Near miss at level crossing after closed barriers trapped car, report finds

The incident happened in Roscommon earlier this year.


A REPORT FROM the Railway Accident Investigation Unit (RAIU) has found that a crash between a train and a car at a level crossing was only just avoided after the car got trapped inside the crossing.

The incident happened on 31 January this year on the Westport to Heuston train at around 11.10am in Co Roscommon.

It was triggered for the barriers to start lowering to let oncoming motorists know a train was on the way.

The RAIU said: “Two cars approached the level crossing from the Athlone direction, after this initiation had commenced, with one car stopping on the yellow box area (Car 1), within the confines of the level crossing and one stopping close to the level crossing barriers.”

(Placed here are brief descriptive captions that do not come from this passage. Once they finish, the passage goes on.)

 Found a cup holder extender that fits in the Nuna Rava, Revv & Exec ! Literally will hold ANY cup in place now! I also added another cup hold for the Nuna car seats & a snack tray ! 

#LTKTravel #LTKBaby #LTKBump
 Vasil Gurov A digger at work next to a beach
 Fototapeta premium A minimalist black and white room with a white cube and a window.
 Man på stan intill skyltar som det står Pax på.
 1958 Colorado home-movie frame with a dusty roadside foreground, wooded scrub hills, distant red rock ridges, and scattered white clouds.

The view of the level crossing operator of the first car was obscured, but they could see the second car positioned near the crossing.

car trapped inside The car (circled) inside the level crossing RAIU RAIU

They froze the barrier to allow Car 2 to reverse clear of the crossing but then closed it down again, trapping Car 1 inside.

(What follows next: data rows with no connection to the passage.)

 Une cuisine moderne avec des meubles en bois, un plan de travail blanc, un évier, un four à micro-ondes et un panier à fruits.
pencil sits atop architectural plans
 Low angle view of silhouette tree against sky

The train then went by with Car 1 inside the crossing, although no one was injured.

After the barrier went up again, the car sped away towards Roscommon. The driver of the train immediately reported the near miss.

The RAIU identified a number of factors that contributed to the incident.

It included that the driver of Car 1 did not stop clear of the level crossing and drove past the warning lights. As well as that, the obscured vision of the level crossing operator meant they couldn’t see Car 1 still within the barriers.

Because Car 2 had also encroached close to the barrier, it blocked Car 1 from reversing out before the barriers came fully down.

The RAIU said the problem was exacerbated by the lack of risk assessment processes for the position of CCTV cameras. It recommended that those in charge of the placement of CCTV at rail crossings should review them, to ensure operators have the clearest views of what is going on.

It also recommended that level crossing operators receive further training.